## Task requirements
Below this line are records; write out exactly the lines from the one containing "Jet Older Girls Pink Hearts Flare Leggings" through the one containing "Melange grey wool", with the pictures left out.

## Entries supplied
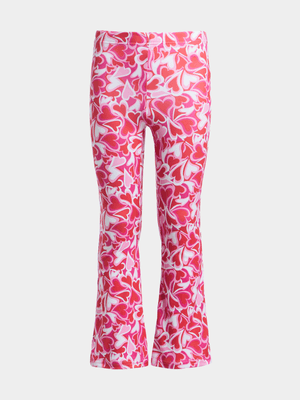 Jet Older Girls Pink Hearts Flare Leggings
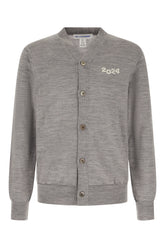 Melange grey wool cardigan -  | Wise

--

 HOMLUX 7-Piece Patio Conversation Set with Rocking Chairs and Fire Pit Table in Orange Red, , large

## Task answer
 Jet Older Girls Pink Hearts Flare Leggings
 Melange grey wool cardigan -  | Wise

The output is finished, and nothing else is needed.